L’occasione di tornare su Retrun to Heaven Denied la fornisce l’etichetta Pharagon Records di proprietà della Pick Up di Bassano del Grappa (VI) che al crepuscolo dell’anno passato s’è presa la briga di licenziare sul mercato il disco per antonomasia dei Labyrinth i versione doppio vinile all’interno di un packaging curato nei minimi particolari. Dietro a tale operazione c’è ben di più dello zampino di Gianni Della Cioppa, apprezzato cronista hard’n’heavy da una vita e uomo di infinita passione musicale. Rispetto all’originale del 1998 questa uscita vinilica riporta una differente, splendida copertina, per lo scriba molto meglio di quella ufficiale griffata Metal Blade – che, intendiamoci, mantiene e continuerà a mantenere il proprio fascino intatto – e all’interno delle due ante centrali riporta tutti i tesi dei brani presenti e una frase a ricordo di quel periodo dello stesso Roberto “Rob Tyrant” Tiranti. L’uscita è in sole 500 copie in edizione limitata e non è prevista nessuna ristampa futura.
Musicalmente, beh, c’è poco da aggiungere, su queste stesse pagine a schermo nero nell’aprile del 2005 venne pubblicata la recensione del disco (qui il link) così come la stragrande maggioranza delle riviste di settore si occupò di Return to Heaven Denied in tempo reale piuttosto che in modalità postuma proprio per il fatto che l’album passò alla storia come un disco epocale.
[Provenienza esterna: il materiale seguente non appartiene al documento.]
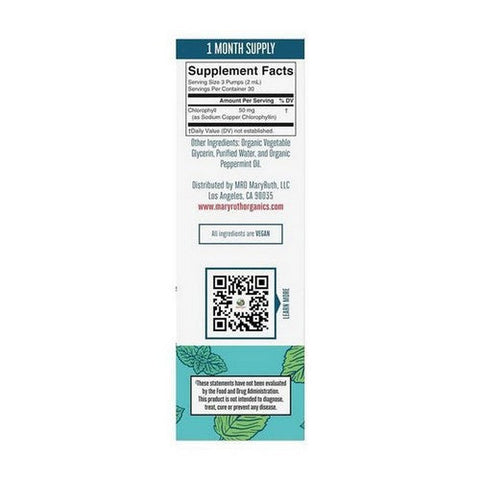 MaryRuth's, Vegan Chlorophyll Liquid Drops Peppermint, 50 Mg, 2 Oz MaryRuth's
Poterselo godere su 33 giri doppio, per coloro i quali sono nati con i dischi neri dalle copertine grandi è libidine assoluta: i Labyrinth mettono a terra tutti i cavalli dei quali sono a disposizione e scrivono il disco che il pubblico di quel periodo sogna di poter ascoltare, andando oltre la lezione di grandi realtà del calibro di Helloween e Stratovarius, aprendo una nuova via al Power Metal di stampo più classicheggiante. A sgomitare, in quel periodo all’interno del palcoscenico europeo – e poi mondiale – c’erano anche gli illustri colleghi Rhapsody, che contribuirono a tenere in alto la bandiera tricolore del Metallo e spostare il baricentro di certe sonorità un po’ più a Sud, dando benefici all’intera scena tricolore.
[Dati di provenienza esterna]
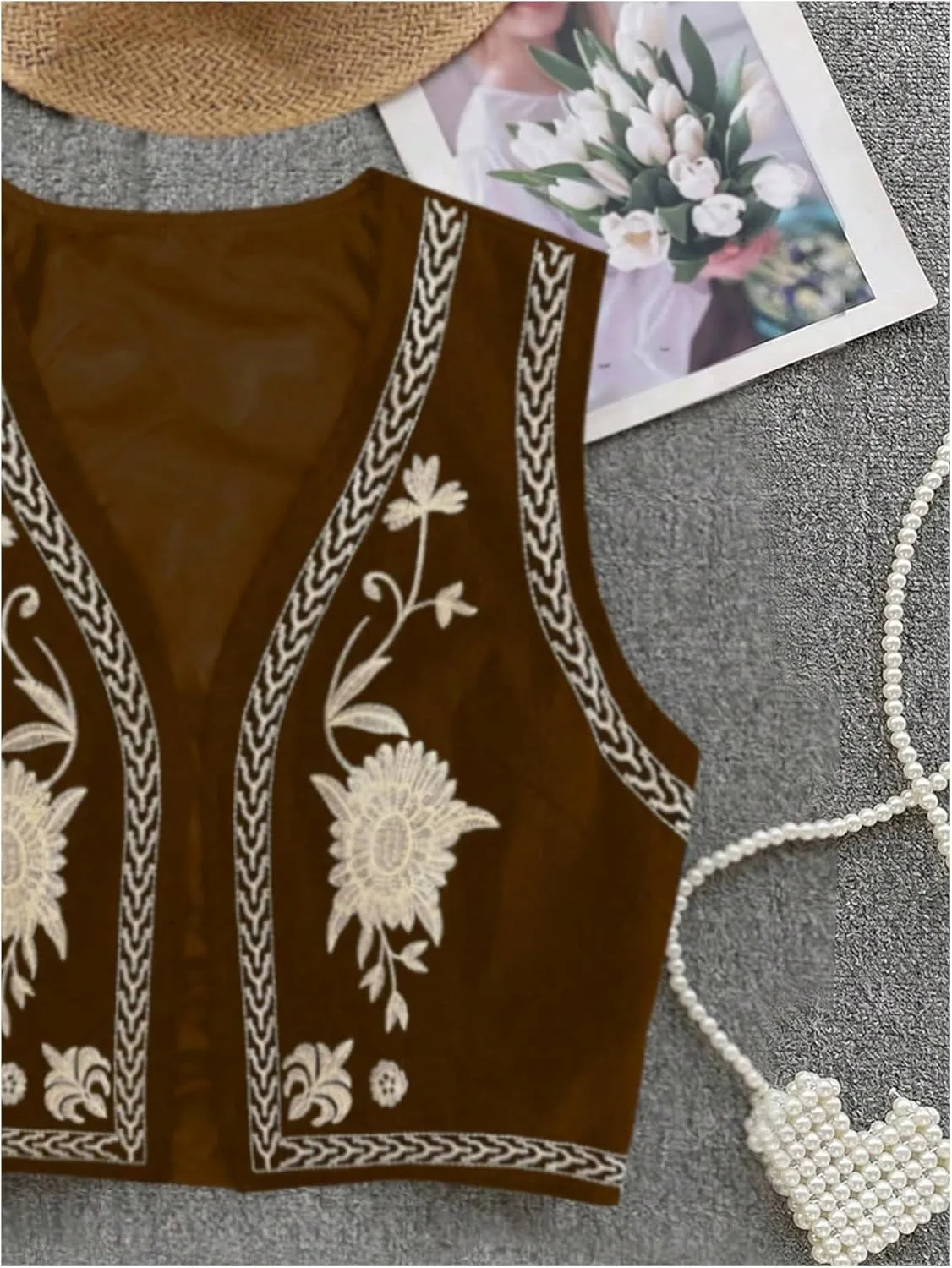 Verdusa Women's Vintage Embroidery Vest Top Open Front Sleeveless Cropped Cardigan Boho Cowgirl Vest Jacket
Si passa dalle immortali mazzate Power facenti capo a Moonlight e Thunder a brani più ragionati e melodici dall’appeal tipicamente latino quali Lady Lost in Time e Falling Rain ma è davvero compito arduo fare una selezione ove mettere i buoni da una parte e i cattivi dall’altra. Return to Heaven Denied di fatto non presenta all’appello alcun filler e, oltre ai quattro highlight elencati poc’anzi mette in fila pezzi autoconsistenti uno dietro l’altro. Rob Tyrant, forte dell’incredibile esperienza maturata con i New Trolls e ancor prima con i defender Vanexa risulta mattatore assoluto dietro al microfono, assecondando appieno le velleità virtuosistiche del resto della band che non si risparmia in termini di compattezza e rocciosità. Seppur continuando una dignitosa carriera che li vede ancora assoluti protagonisti in ambito nazionale i Labyrinth con gli album successivi non seppero più ricreare, intorno al loro nome, il clamore e i ritorni commerciali assicurati da Return to Heaven Denied, che divenne il famoso album “dalla copertina viola”. Onore e gloria a loro, quindi, che in virtù di un discone seppero guadagnarsi le luci della ribalta del mondo metallico tutto, per un discreto periodo.